ENTRIES SHOWN —
┄┄┄┄┄┄

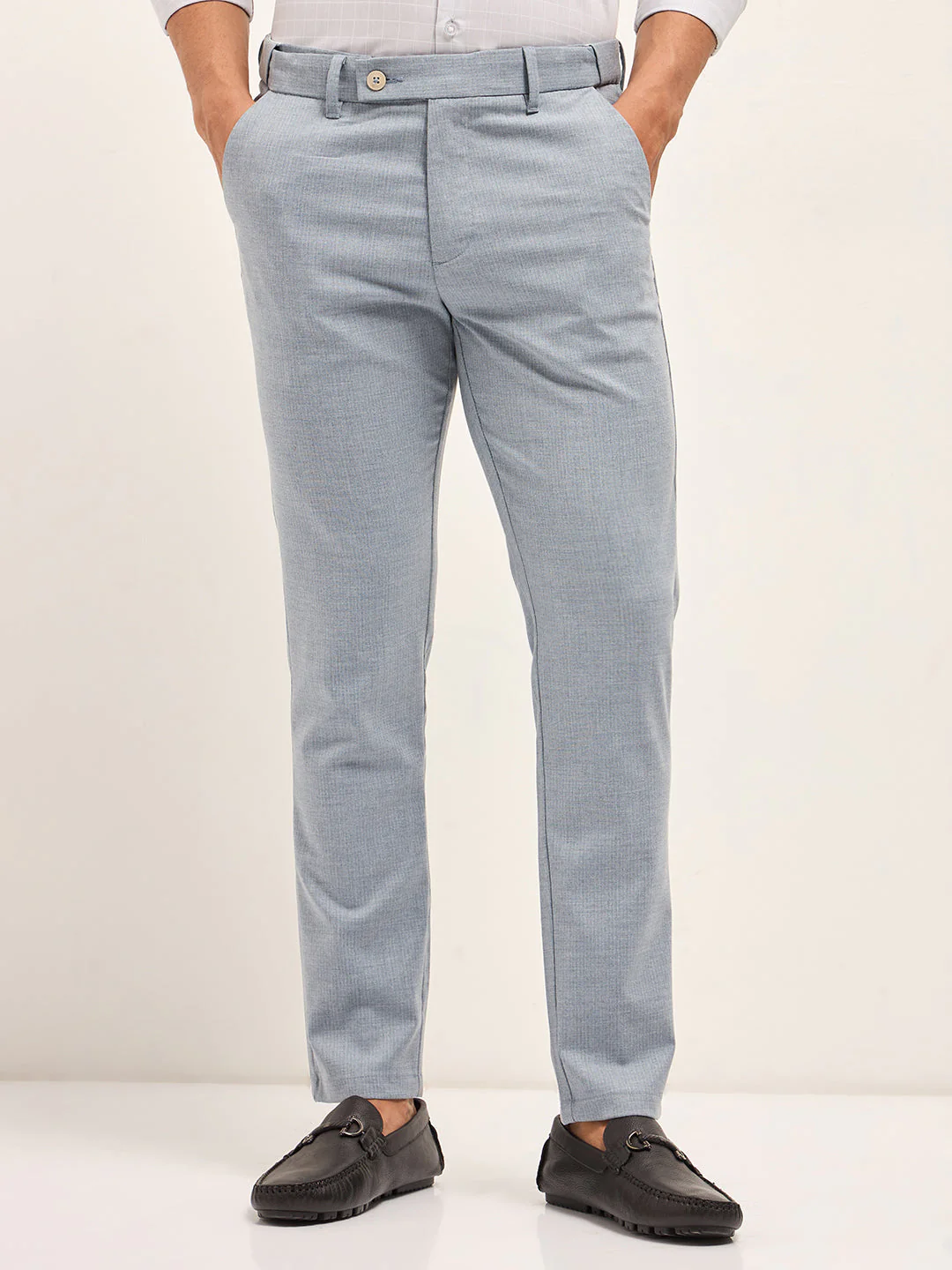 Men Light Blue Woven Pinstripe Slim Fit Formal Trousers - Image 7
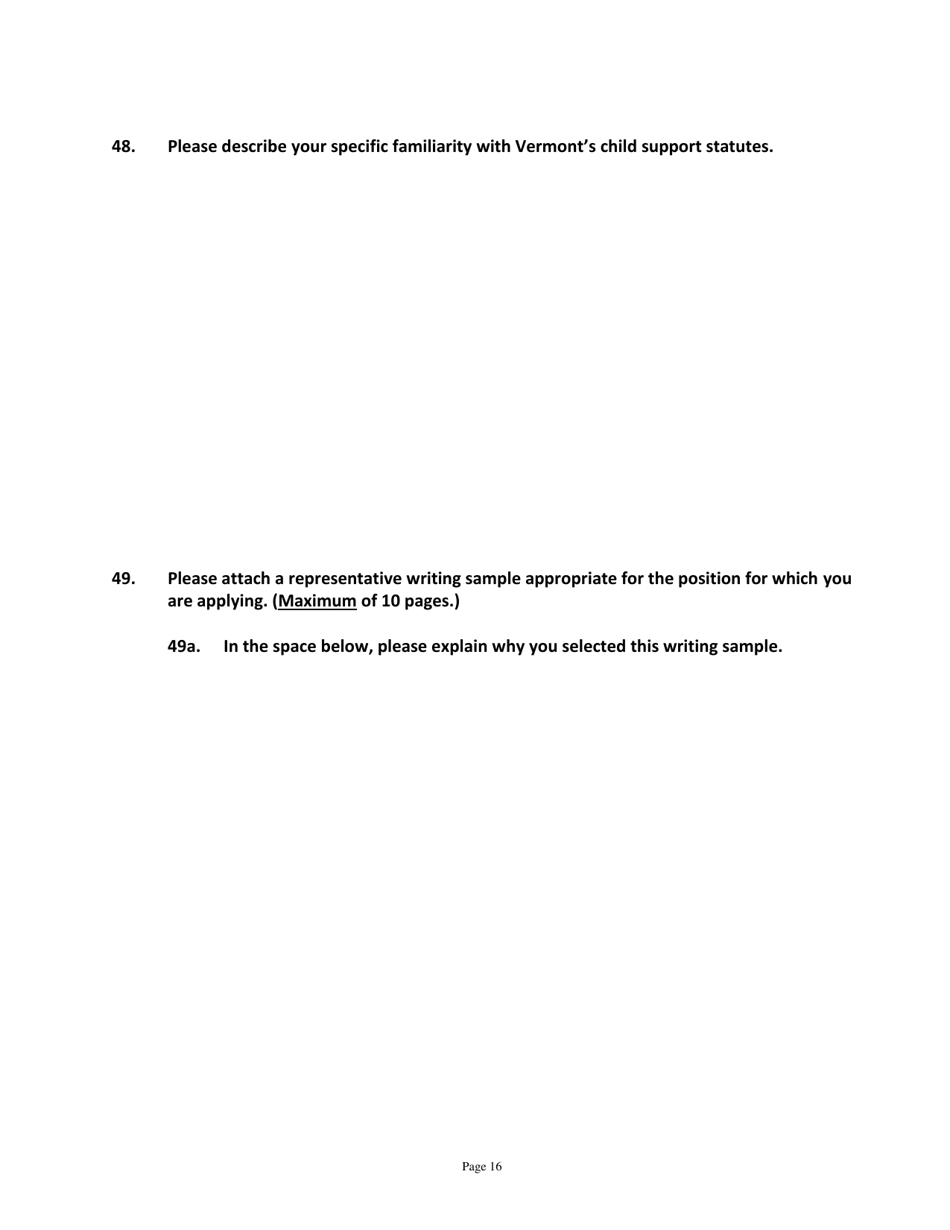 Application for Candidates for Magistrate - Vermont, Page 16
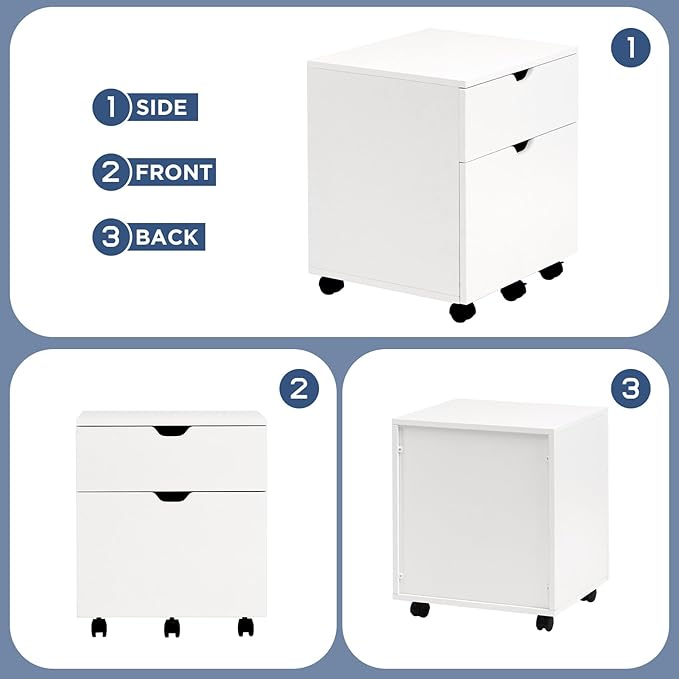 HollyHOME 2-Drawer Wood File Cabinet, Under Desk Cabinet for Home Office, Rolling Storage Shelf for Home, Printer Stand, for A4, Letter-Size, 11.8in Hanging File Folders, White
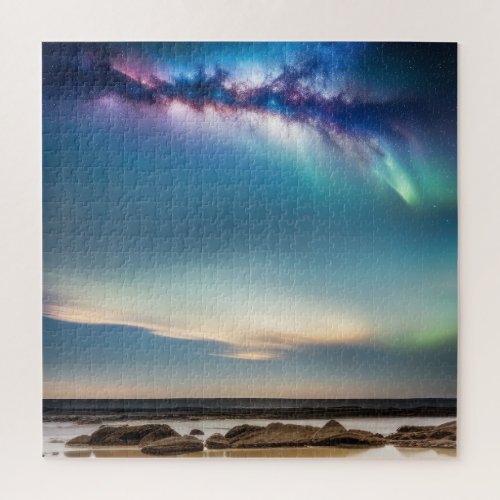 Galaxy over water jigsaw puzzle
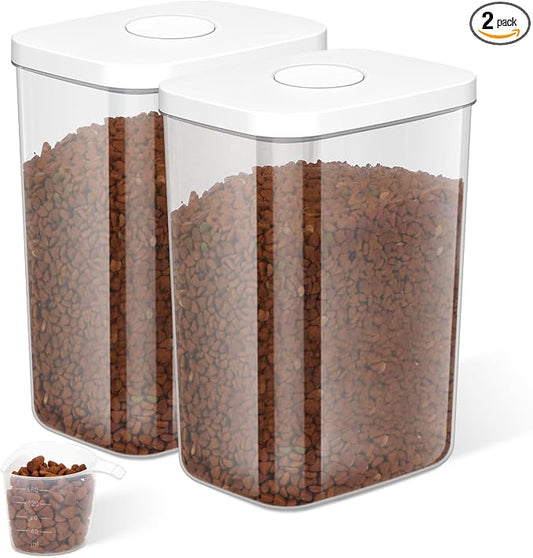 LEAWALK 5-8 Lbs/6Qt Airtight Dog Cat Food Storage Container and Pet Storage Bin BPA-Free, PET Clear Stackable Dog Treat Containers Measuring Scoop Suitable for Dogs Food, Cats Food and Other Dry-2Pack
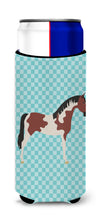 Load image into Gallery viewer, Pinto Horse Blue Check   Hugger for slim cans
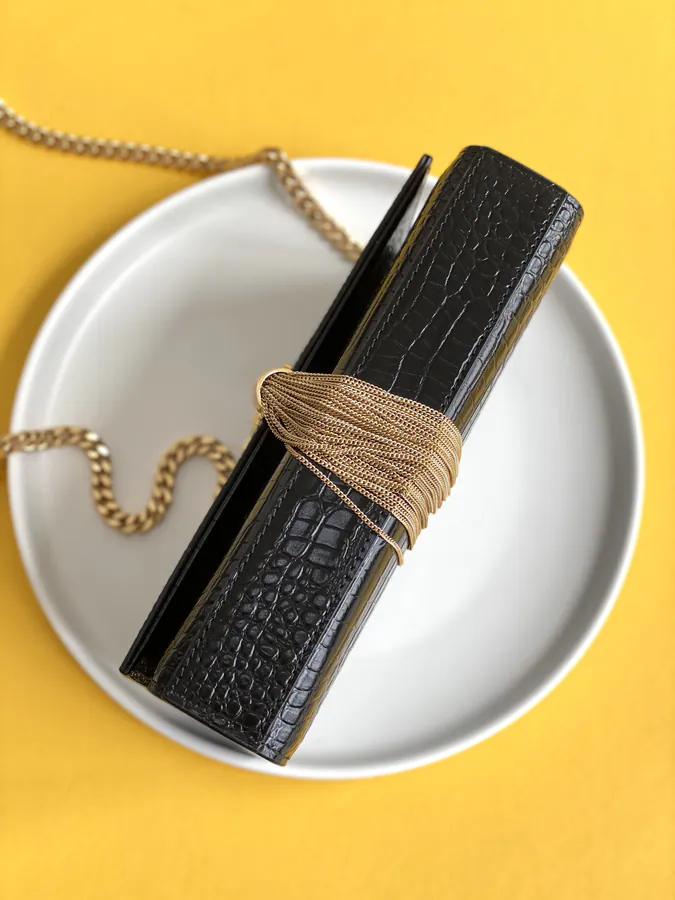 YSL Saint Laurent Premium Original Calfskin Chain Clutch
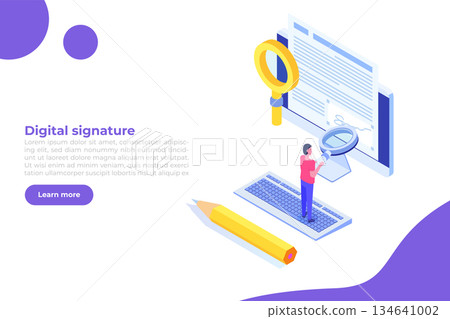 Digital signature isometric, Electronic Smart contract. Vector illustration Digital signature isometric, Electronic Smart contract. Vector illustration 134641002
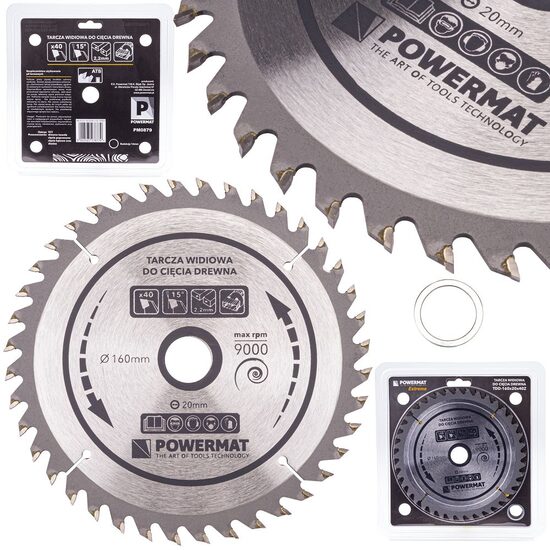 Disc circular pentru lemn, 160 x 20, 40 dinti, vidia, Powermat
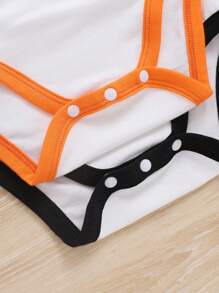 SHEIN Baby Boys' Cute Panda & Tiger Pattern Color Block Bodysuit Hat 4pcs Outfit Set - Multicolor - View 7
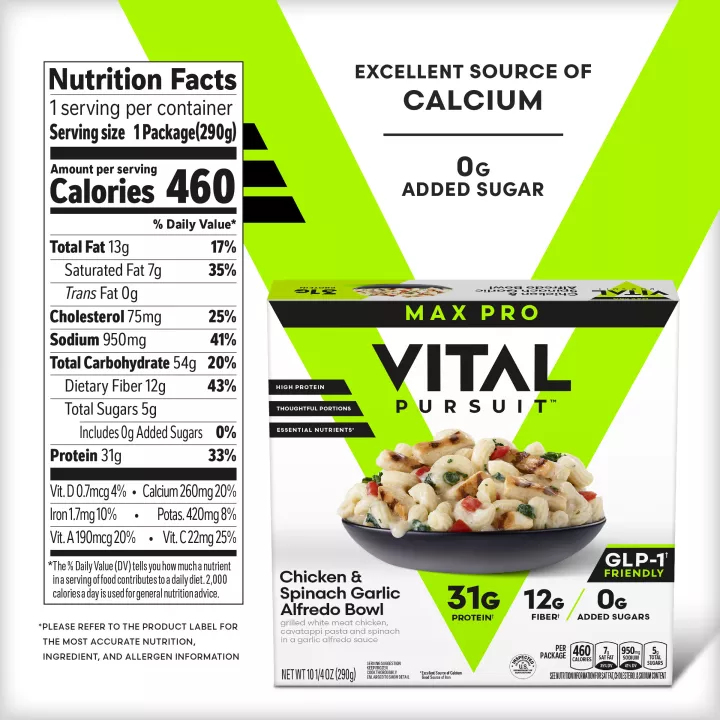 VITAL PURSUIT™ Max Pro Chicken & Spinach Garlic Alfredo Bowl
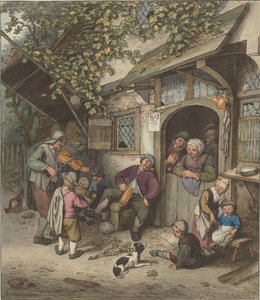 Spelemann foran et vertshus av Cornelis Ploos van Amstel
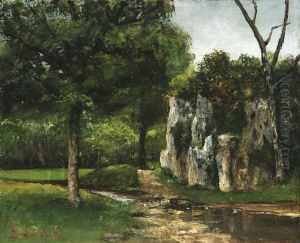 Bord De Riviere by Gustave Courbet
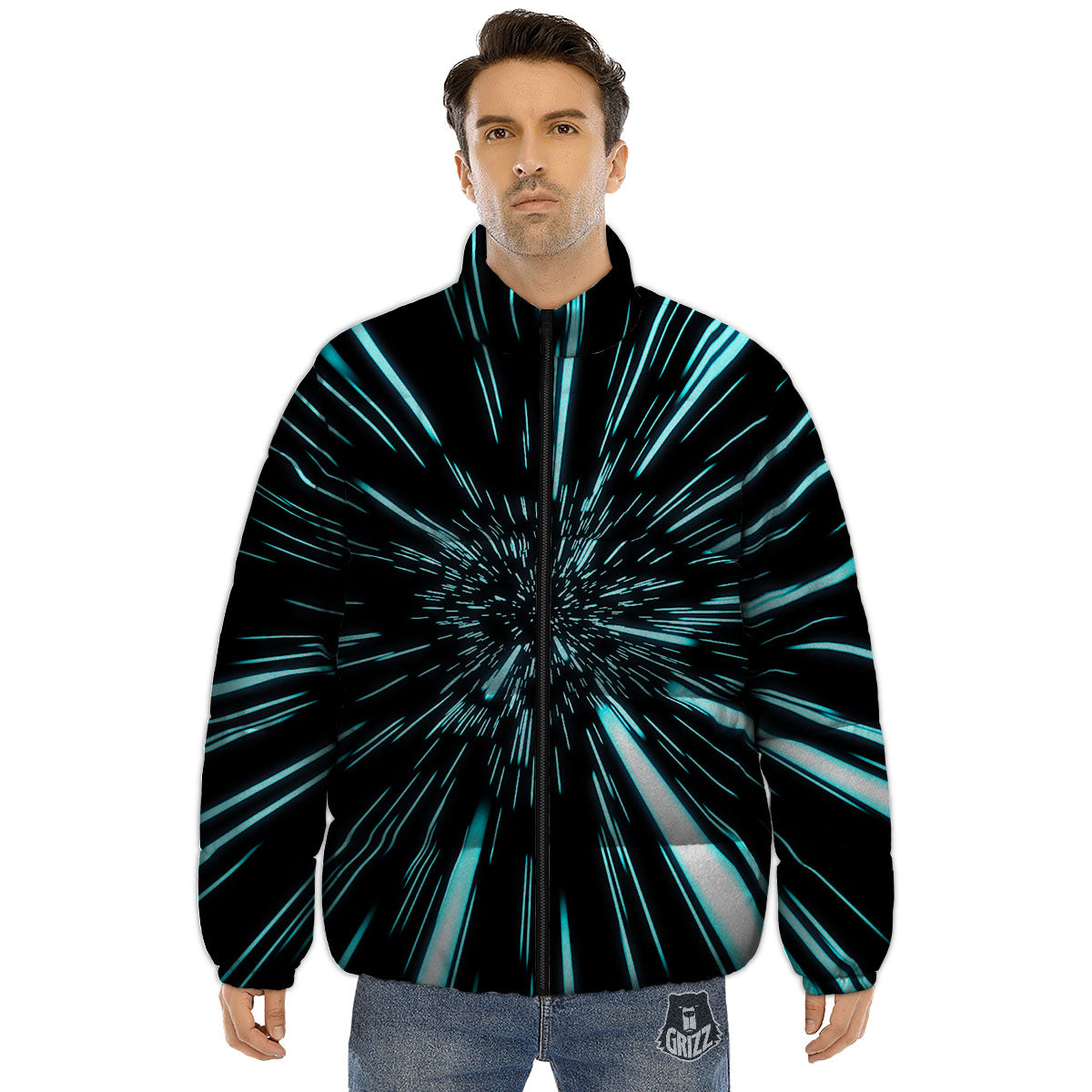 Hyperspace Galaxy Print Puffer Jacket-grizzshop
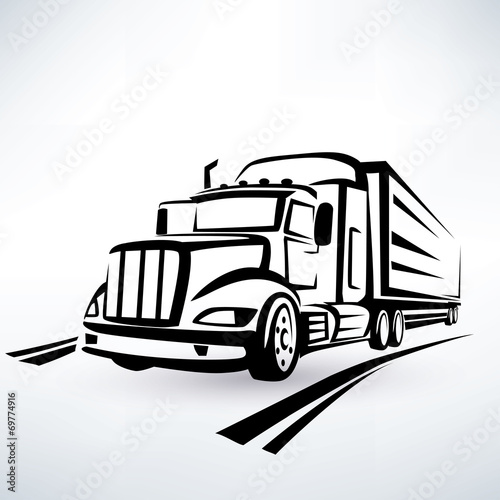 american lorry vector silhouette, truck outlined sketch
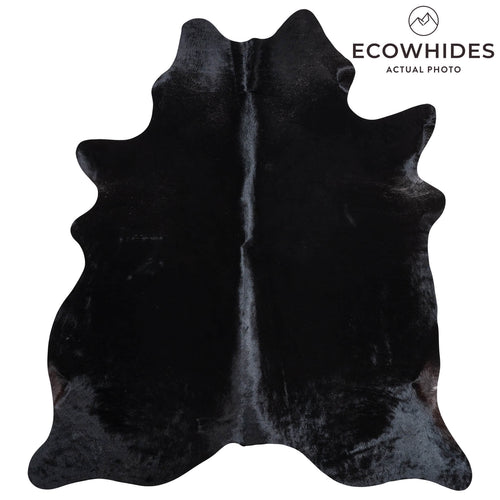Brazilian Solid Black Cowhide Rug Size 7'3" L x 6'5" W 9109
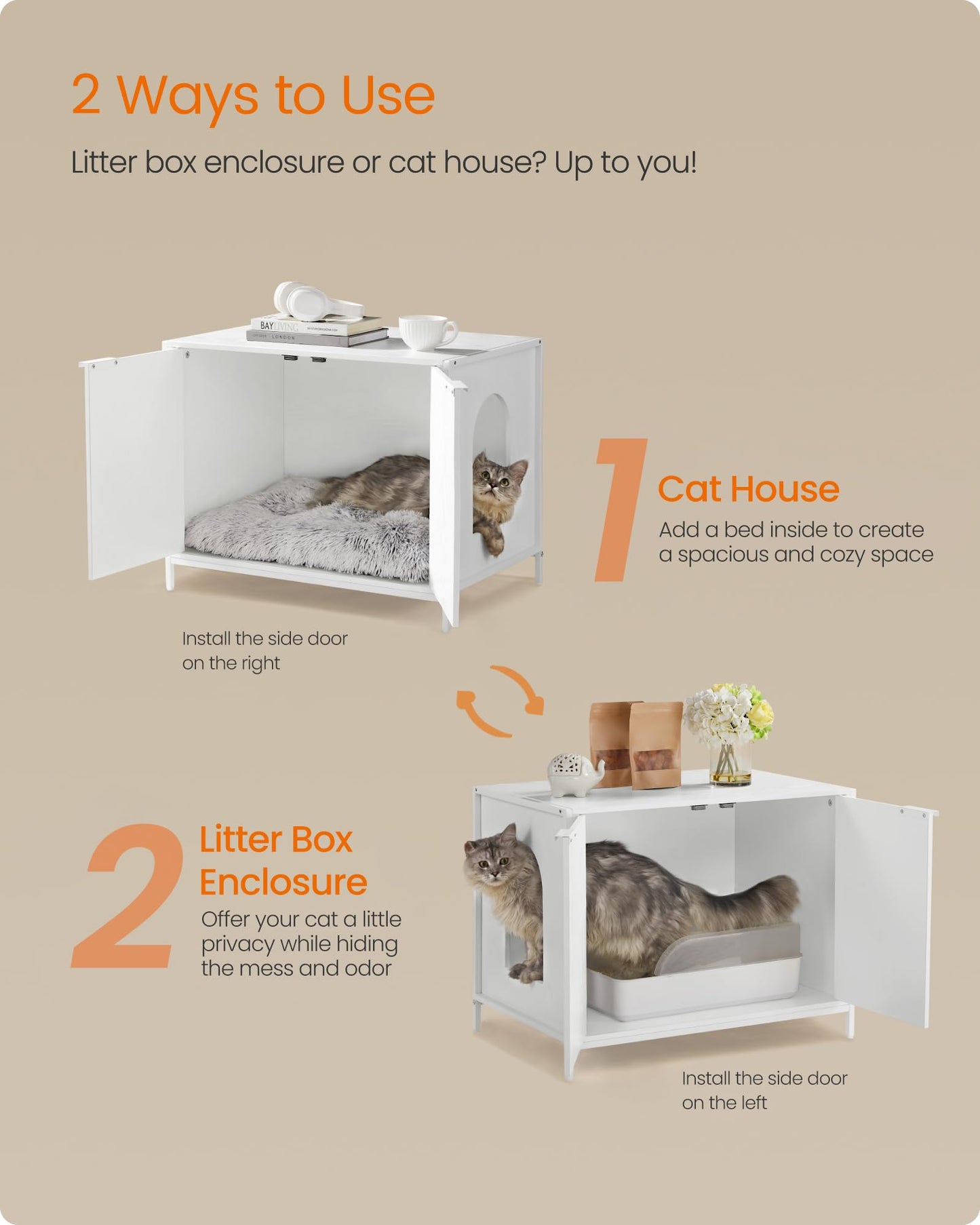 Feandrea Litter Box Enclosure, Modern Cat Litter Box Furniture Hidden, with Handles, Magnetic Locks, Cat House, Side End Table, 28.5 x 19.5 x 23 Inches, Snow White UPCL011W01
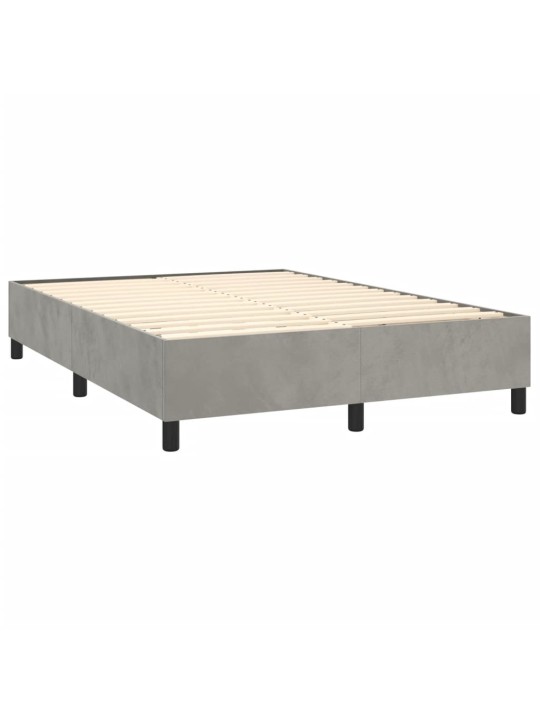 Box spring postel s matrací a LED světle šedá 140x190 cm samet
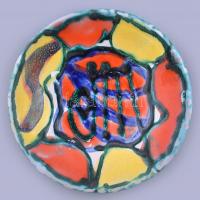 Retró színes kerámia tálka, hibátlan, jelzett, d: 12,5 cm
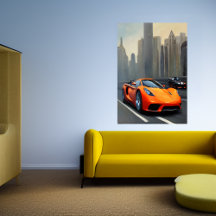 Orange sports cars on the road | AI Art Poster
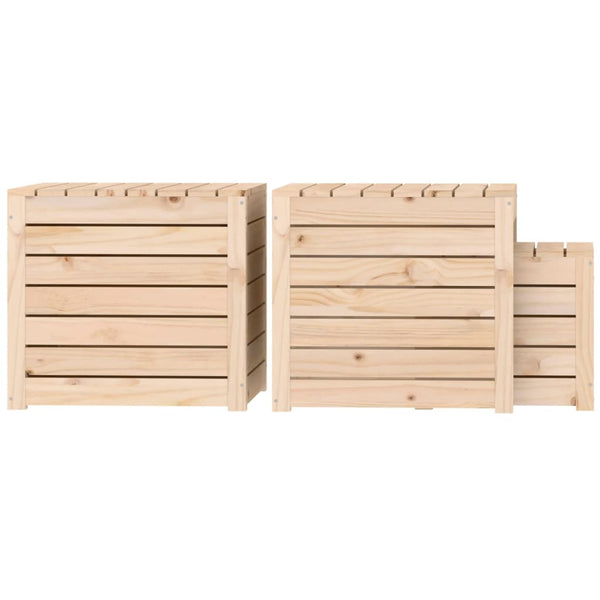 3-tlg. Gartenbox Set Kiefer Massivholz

┄┄┄┄┄┄

EXERCISE DESCRIPTION — Produce an exact copy of only those lines that run from the line with "Hyperspace Galaxy Print" to the final line of the records, including both; exclude images.

YOUR RESPONSE —
 Hyperspace Galaxy Print Puffer Jacket-grizzshop
 american lorry vector silhouette, truck outlined sketch
Brazilian Solid Black Cowhide Rug Size 7'3" L x 6'5" W 9109
 Feandrea Litter Box Enclosure, Modern Cat Litter Box Furniture Hidden, with Handles, Magnetic Locks, Cat House, Side End Table, 28.5 x 19.5 x 23 Inches, Snow White UPCL011W01
 Box spring postel s matrací a LED světle šedá 140x190 cm samet
 Retró színes kerámia tálka, hibátlan, jelzett, d: 12,5 cm
 Orange sports cars on the road | AI Art Poster
 3-tlg. Gartenbox Set Kiefer Massivholz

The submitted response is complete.